Pick the classes you want. Pick your second-tier choices. Pick backups. Go to all of them on the first day and talk your way in. Be passionate. Be enthusiastic. Be tenacious. Do whatever it takes for the professors to let you enroll in the classes you really want. Don’t give up, and prerequisites be damned. If a class is really important to you, just keep showing up for class. Eventually, someone will drop out and you’ll be right there to take the slot.
For the record, this is how you get ahead in the world. There’s always another system. It’s always broken, and if you want to be successful, you have to learn to manipulate it. It’s not about breaking the rules. It’s about learning how they bend. Most importantly, though, it’s about simply showing up.
My friend’s Southern father told me that being gay is not at all biological because it’s “classified as a mental disorder” (seriously?), an “unnatural genetic mutation” and asked: If we teach kids about homosexuality, why not teach them about polygamy and bestiality? As a recently out bisexual 20-year-old girl, I was really offended but too taken aback to form words. Got any comebacks for next time I encounter this kind of incredible ignorance?

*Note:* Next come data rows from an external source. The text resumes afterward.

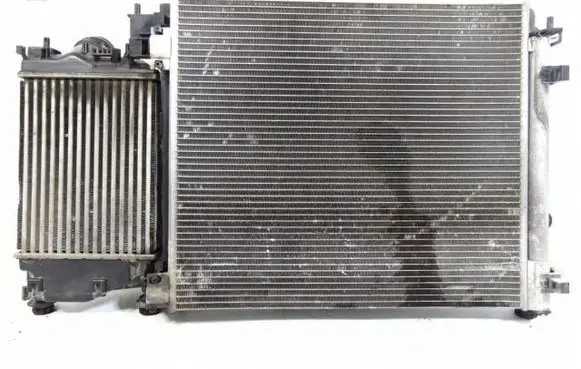 Nissan Qashqai Coolant radiator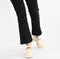 PS Poelman ROCKLAND - Dames Loafers - Chunky instappers met goudkleurige ketting - Crème Wit - Maat 36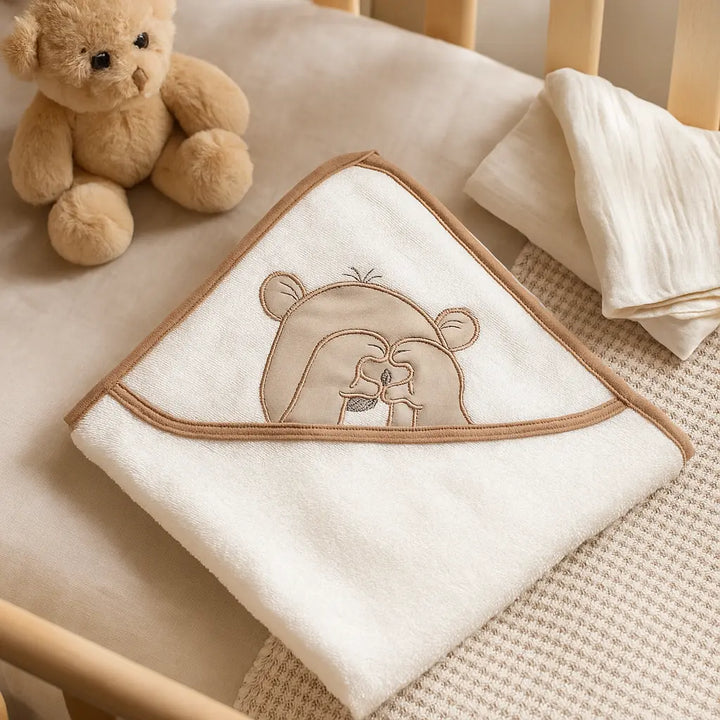 Rainy Бебешка хавлия с качулка 90х90 см. Love Bear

Comebacks aren’t what you need, because they’re wasted on someone like that. Nothing you can say will ever penetrate his thick skull. As a 20-year-old girl, I doubt he even respects you enough to listen to your opinions when they mirror his, much less when they’re diametrically opposed to his worldview.
Sometimes the lesson is knowing when to pick your battles. Not every outrage deserves a reaction, and there’s a certain grace in swallowing your tongue in the face of incredible ignorance. Don’t be the one with a chip on your shoulder. Remember, he’s the idiot with something to prove, not you.
Besides, his small-minded belief system is dying a long, slow death of asphyxiation at the hands of progressive thought. There’s too much science in the world for his way of thinking to survive another generation, so don’t waste scorn on him. Pity him, because he’s a pathetic little man.
One thought on “On showing up and picking battles”
I’m reading this a solid decade later, and that first response is just fucking gold. It’s something I was lucky to learn from my parents early on, and showing up has truly gotten me so far. No bad attitudes, no griping, just beautiful forward movement. It’s nice to be reminded.